June's retail-sales report looked soft on the surface - and underneath, it was not. Americans' spending at stores and restaurants rose 0.2 percent in June, the Commerce Department said July 16, the smallest gain in five months and roughly in line with forecasts [1]. The weakness in the headline was almost entirely one thing: cheaper gasoline.
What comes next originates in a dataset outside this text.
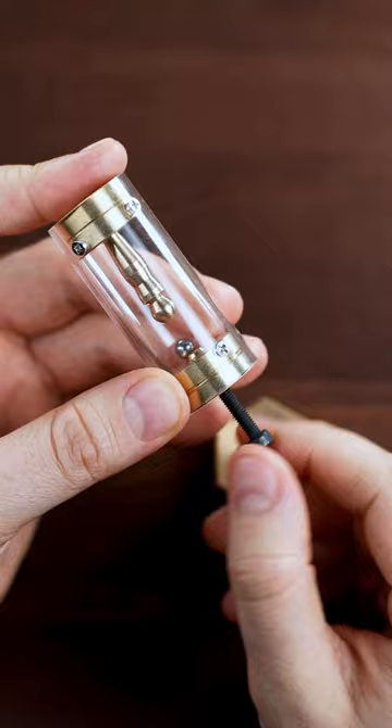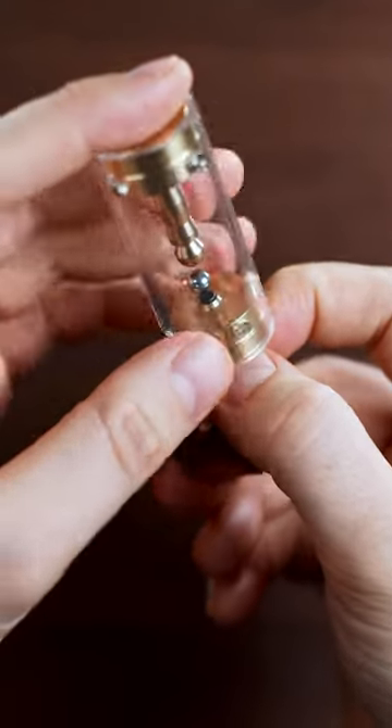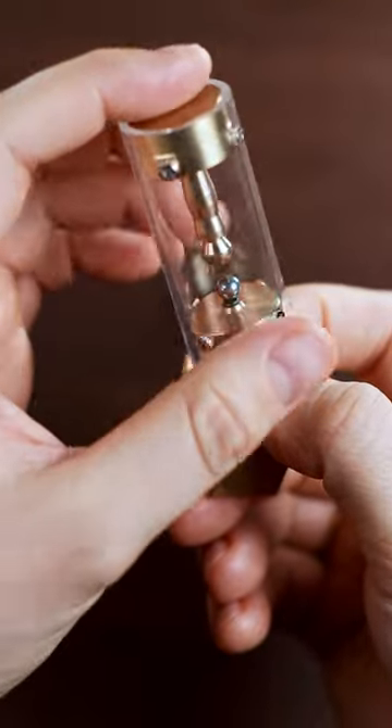Now we can screw it back. Use the magnet to attract a ball, then unscrew it a little bit, so the ball is on the top of the screw, and screw it back.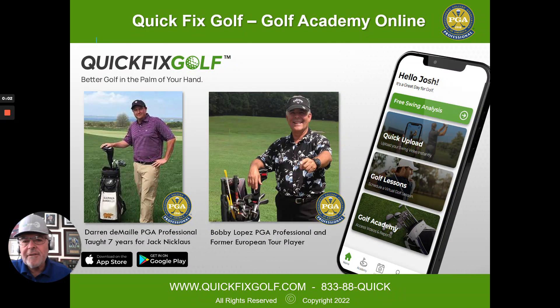Bobby Lopez here from quickfixgolf.com where we want you to play better golf now, right now. Here it is, video number two on this fine book here — Ben Hogan's Five Lessons on the Fundamentals of Golf. It can be somewhat confusing, so we figured we'd go ahead and do a little exposé on different sections of the book to clarify stuff for you.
Receipts at gas stations fell 5.3 percent - not because people bought less fuel but because pump prices dropped, and since retail sales are measured in dollars, a lower price at the pump shows up as a smaller sales number [2]. Strip out gas stations and sales rose 0.7 percent; the 'control group' that feeds into GDP, which also excludes autos and building materials, rose 0.5 percent [2].
Data
| Headline retail sales | 0.2% change, June (MoM) |
|---|---|
| Excluding gas stations | 0.7% change, June (MoM) |
| Control group (GDP input) | 0.5% change, June (MoM) |
Underneath, the spending was broad. Auto and parts sales rose 1.9 percent; non-store retail, mostly online, rose 1.9 percent on the month and 14.2 percent over the year; restaurants and bars edged up 0.1 percent [2]. Adjusted for inflation, real retail sales rose about 0.6 percent - a solid month by the measure that matters for living standards [2]. May's figure was revised up to a 1.0 percent gain [1].
The record worth completing is the gap between the headline and the substance. A 0.2 percent print reads like a consumer pulling back; the detail shows the opposite - a lower gas price flattering-down a month in which people actually spent more, not less [1][2]. The number that looked like weakness was, in the main, a discount.